[Exercise brief]
All lines from the one bearing "Mercedes-Benz Vito Kasten" through the end of the data below must be printed exactly as they stand, with pictures removed.

Supplied data START

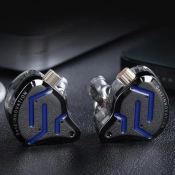 Навушники Knowledge Zenith KZ Audio ZSN Pro 2 Mic Blue 4 – techzone.com.ua Навушники Knowledge Zenith KZ Audio ZSN Pro 2 Mic Blue 4 – techzone.com.ua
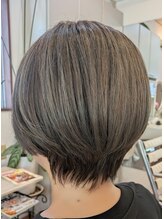 ショウズサロン(hair Sho's SALON) ショートヘア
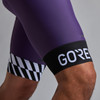 Gorewear - SWIFTRIDE Optical Bib Shorts - Men's - Purple Indigo - 2026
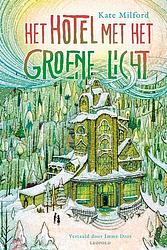 Foto van Het hotel met het groene licht - kate milford - ebook (9789025884499)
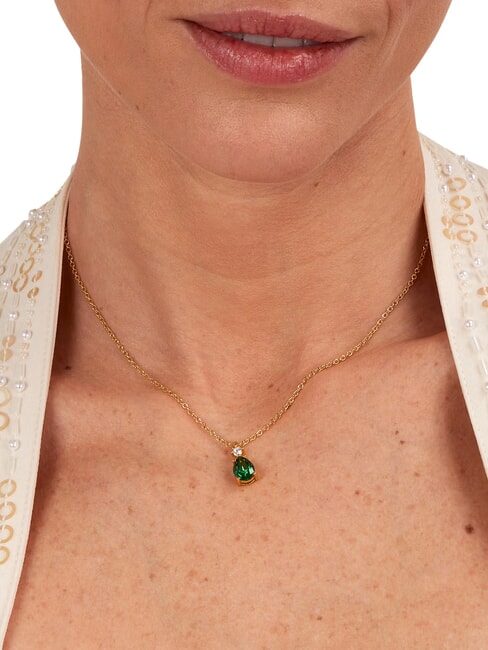 TESORI Collier vert - Colliers
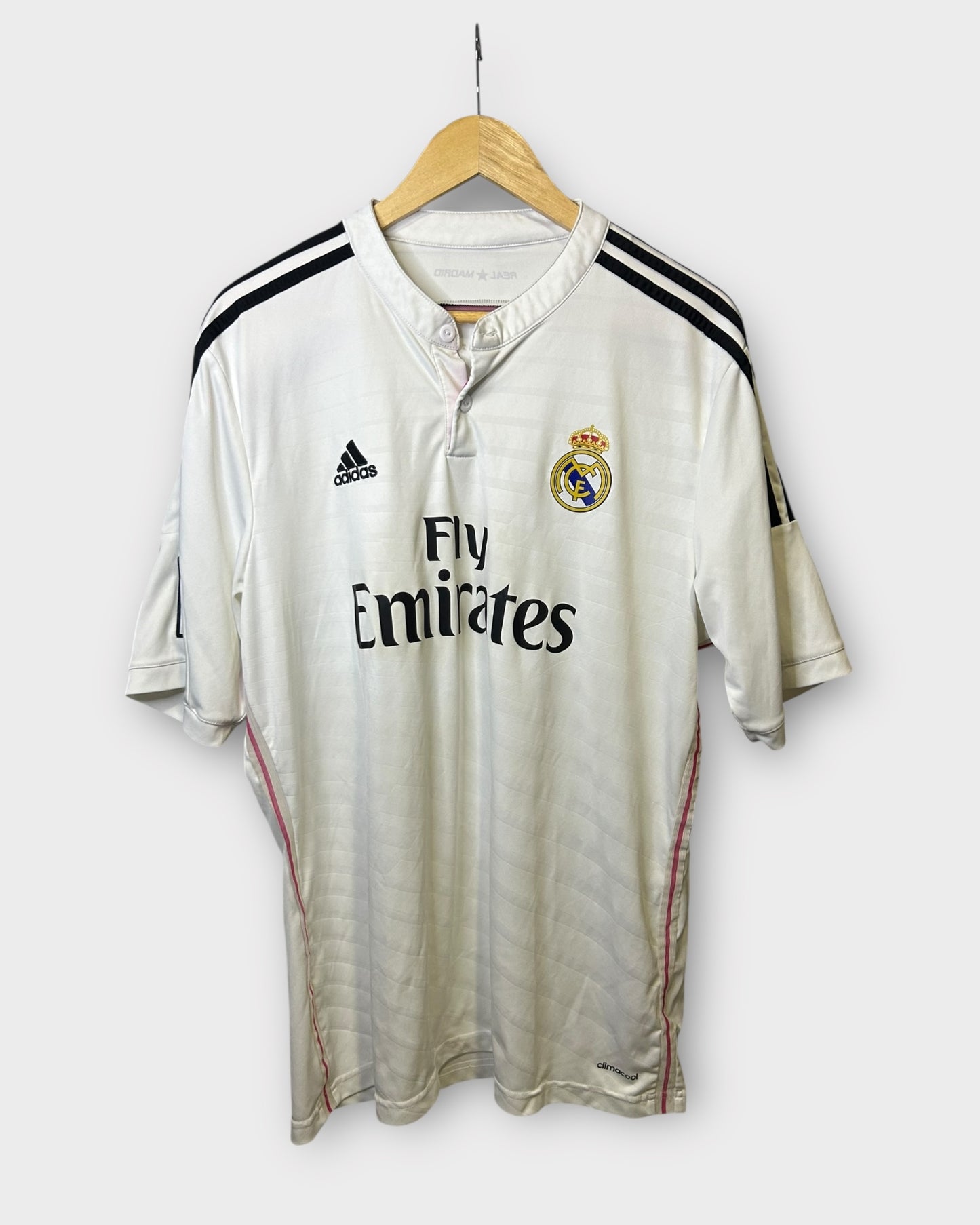 Real Madrid 2014/15 Home - Bale 11 (XL)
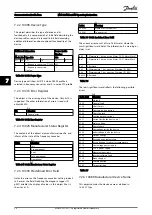 Preview for 27 page of Danfoss MCA 124 Operating Instructions Manual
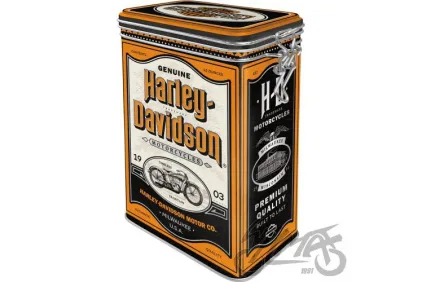 BOX WITH CLIPS HARLEY-DAVIDSON G 31132
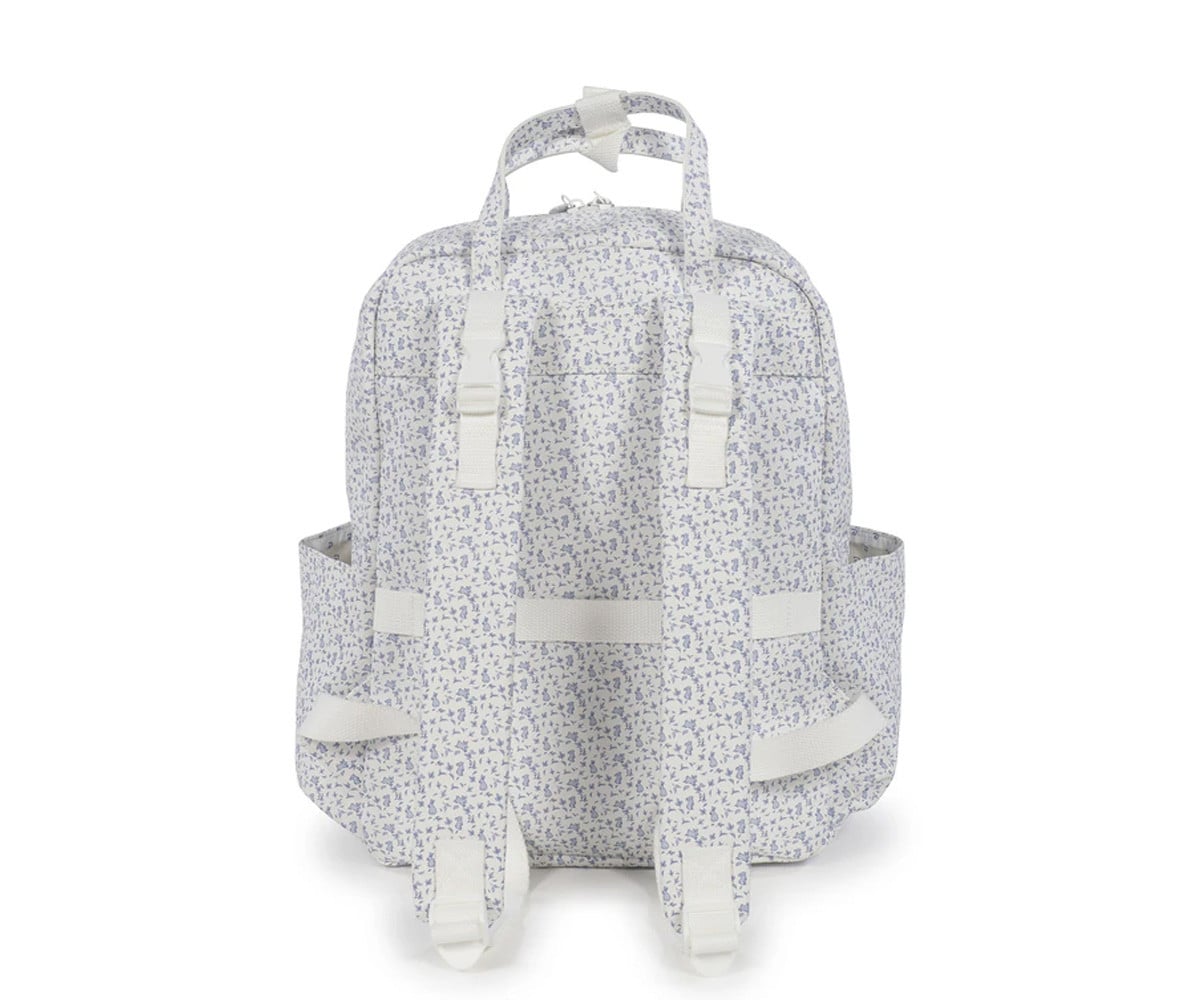Mochila Maison Tender Conejitos Piel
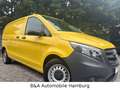Mercedes-Benz Vito Kasten FWD kompakt 1 Hand+Tüv/Au Neu Gelb - thumbnail 1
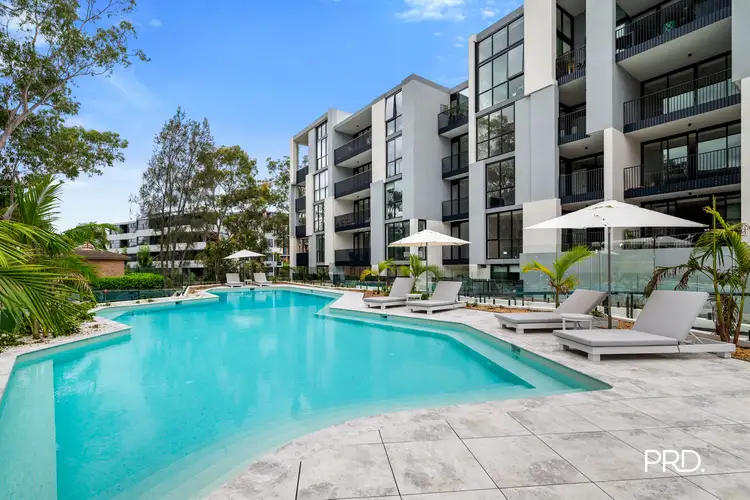 303/4A Retreat Drive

Supplied data END

[Exercise result]
Mercedes-Benz Vito Kasten FWD kompakt 1 Hand+Tüv/Au Neu Gelb - thumbnail 1
 303/4A Retreat Drive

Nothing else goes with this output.